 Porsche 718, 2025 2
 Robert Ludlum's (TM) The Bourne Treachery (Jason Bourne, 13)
------------------------------------------------
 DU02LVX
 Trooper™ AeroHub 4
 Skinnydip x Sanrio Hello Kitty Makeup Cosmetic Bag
------------------------------------------------
Problem: Please return only the lines above, starting at the line that has "Porsche 718, 2025 2" and ending at the line that has "Robert Ludlum's (TM)", keeping both and leaving each one unchanged.

Reply:
 Porsche 718, 2025 2
 Robert Ludlum's (TM) The Bourne Treachery (Jason Bourne, 13)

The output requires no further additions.